Later they were asked to represent their hunger through art. Young boys squatted, or spread face down, in the round chapel or on the ground and sketched. While some enjoyed, others saw this as an opportunity to gab, lay about and ‘take a well meaning break’.
Leisure was fun for the participants but equally distracting. Not surprisingly, Probir da faced some trouble getting them to concentrate later. And what with young men still preoccupied with their day’s cricket match and incomplete shopping, the intervention lost its momentum for a while.
Probir Da had to reinvent his approach to control the dwindling number of participants. Isolation and characterization, a process developed by him came to the rescue. The process involved creating aesthetic body postures and combining it with facial expression to give the posture a character. This approach effectively brought the participants back on track and the lack of enthusiasm dissipated and in its stead, they looked more determined and interested. The process was repeated for the next few days and gradually from an individual act it got transformed into a group act. The participants ultimately came up with a formation, at the core of which, the idea of ‘hunger for desire’ was made to lodge. Even though it appeared a little administered, yet as the days passed, one felt that the idea was cutting a deeper mark in their minds. In fact when it ended at the end of the sixth day, there was a feeling that a longer and deeper process came to an abrupt end—an end that was cumulative, but at the same time checkered.

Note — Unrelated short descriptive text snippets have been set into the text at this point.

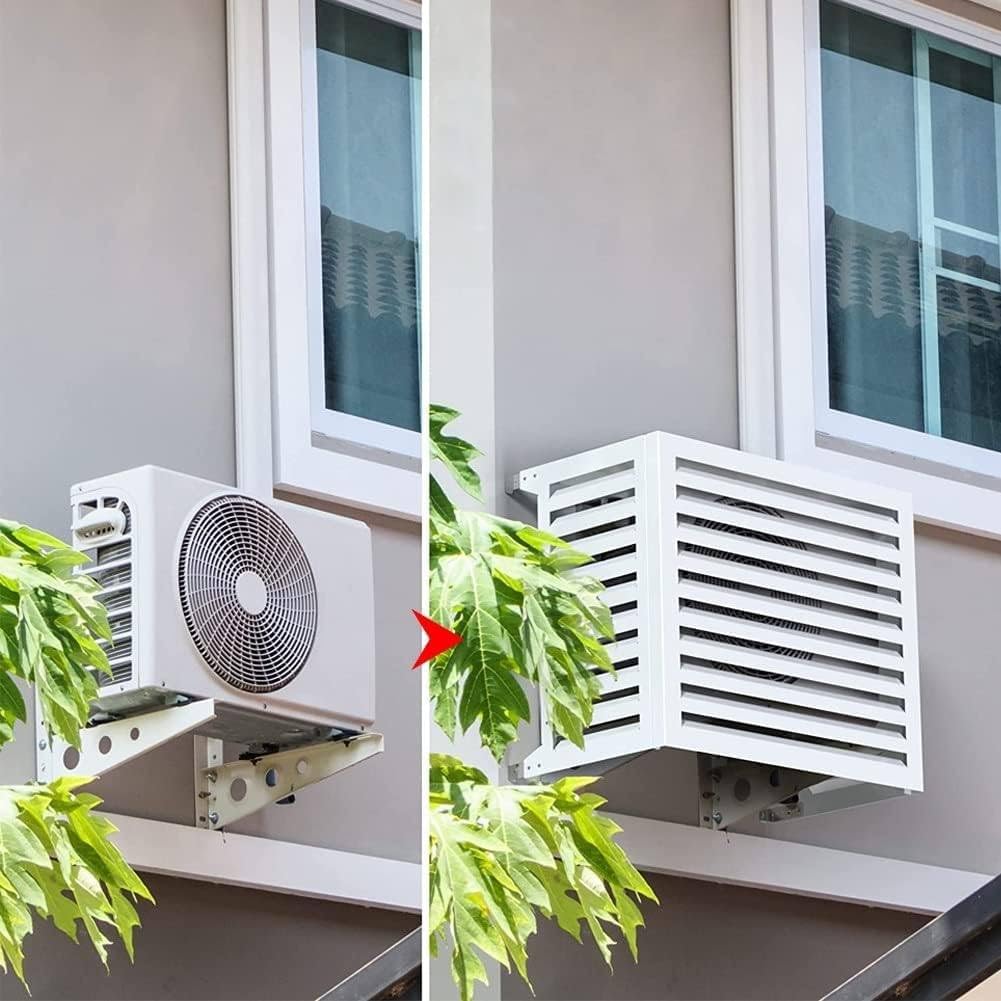 GENERIC Housse De Protection Décorative Pour Climatiseur Extérieur En Aluminium Résistant Aux Intempéries Pour Climatiseurs Centraux - Protection élégante Contre Les éléments Et Résistant Aux Intempéries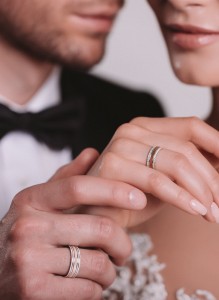 Create meme: beautiful engagement rings on hands, engagement ring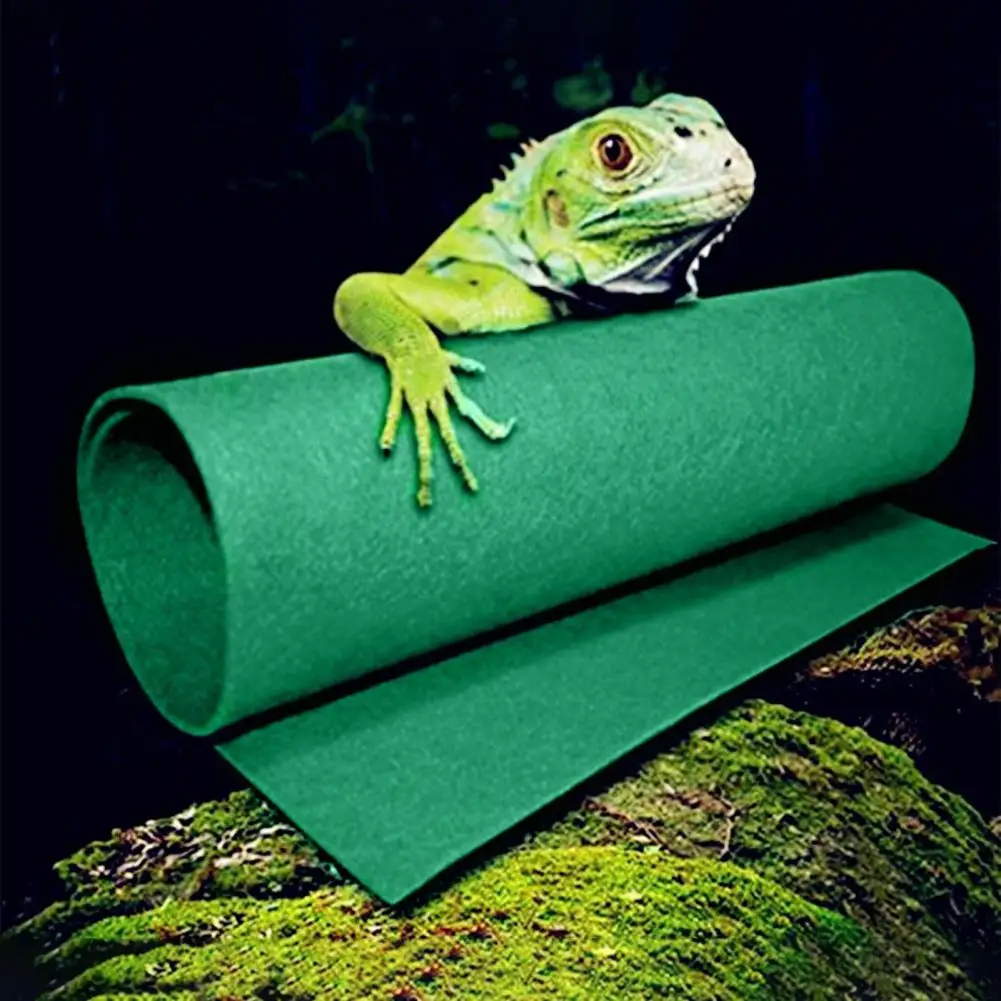Прочный ковер, влагостойкий ковер, мягкая гибкая подкладка для гекконов, змей, черепах, Идеальная подстилка для купания на платформе Изображение 3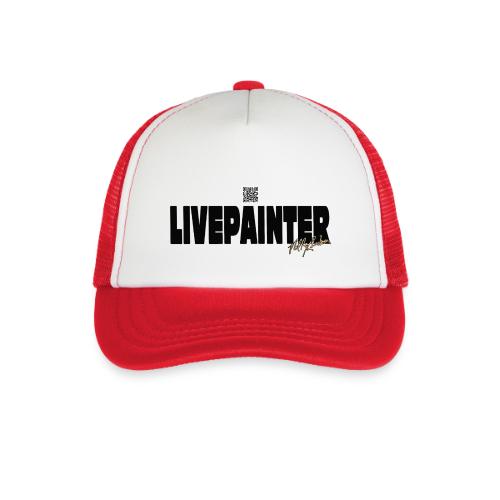 Simple Black Logo - Kid's Trucker Cap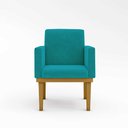 Ver imagem 2 de Poltrona Cadeira Decorativa Reforçada para Apartamento Sala Pequena Cor - Azul Turquesa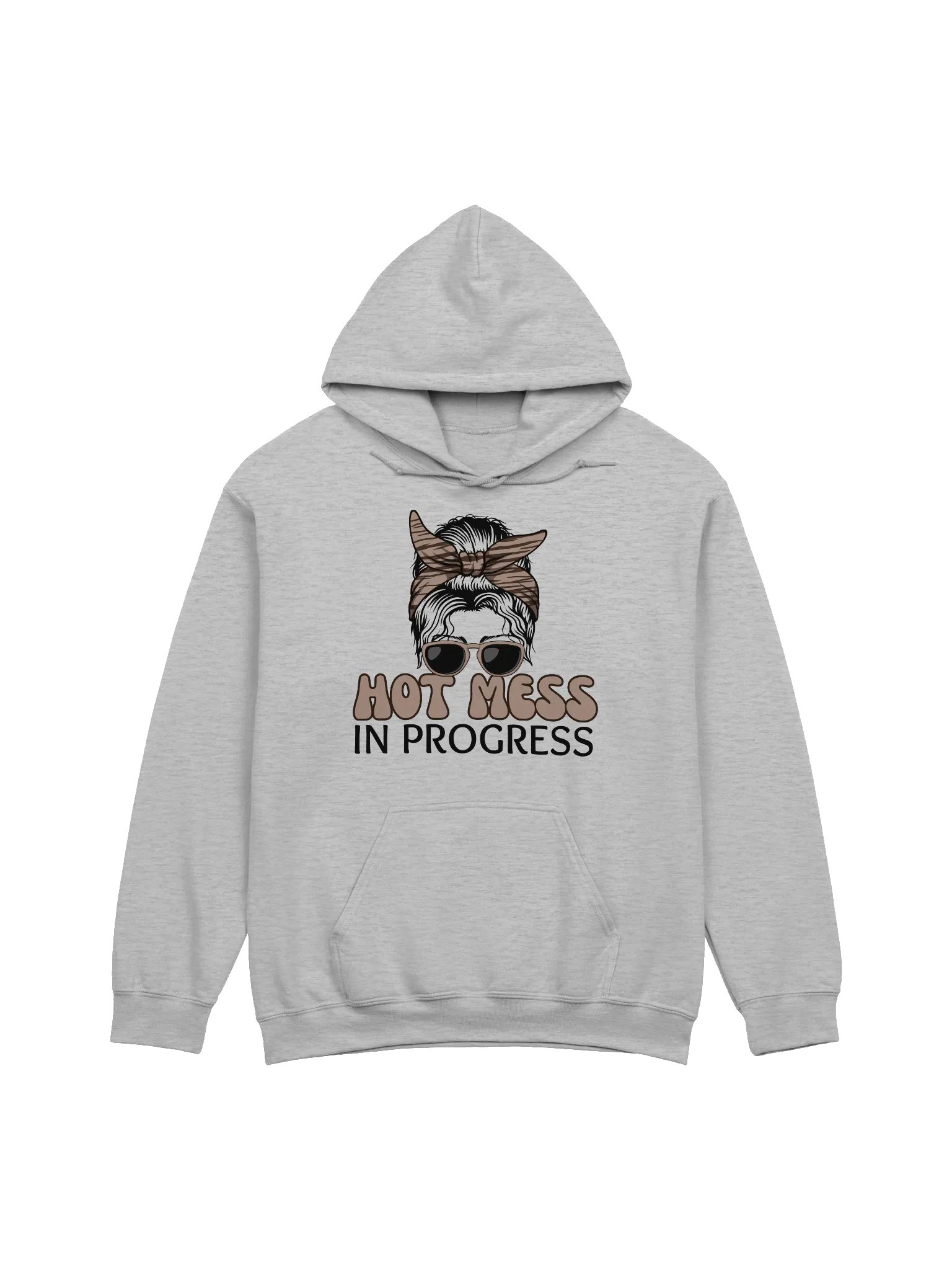 Hot Mess In Progress Hoodie product image (1)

But does this mean that the intervention was not successful?
Not really, some participants found that they were rediscovering their selves through art and theatre, others learnt that fun that had taken a back seat in the commerce of life—school, tuitions etc.
And friendship and bond between the two diverse groups, what about it?
Yes, one did witness moments of camaraderie and slipping away of it as well—but isn’t that what happens to every one. We slide in an out of relationships, but at the end of each moment of intimacy, we learn a little more about caring and being with another— looking beyond the private ken, wearing a different lens. Sometimes even wearing a glass, to see things for the first time, clearly and sharply.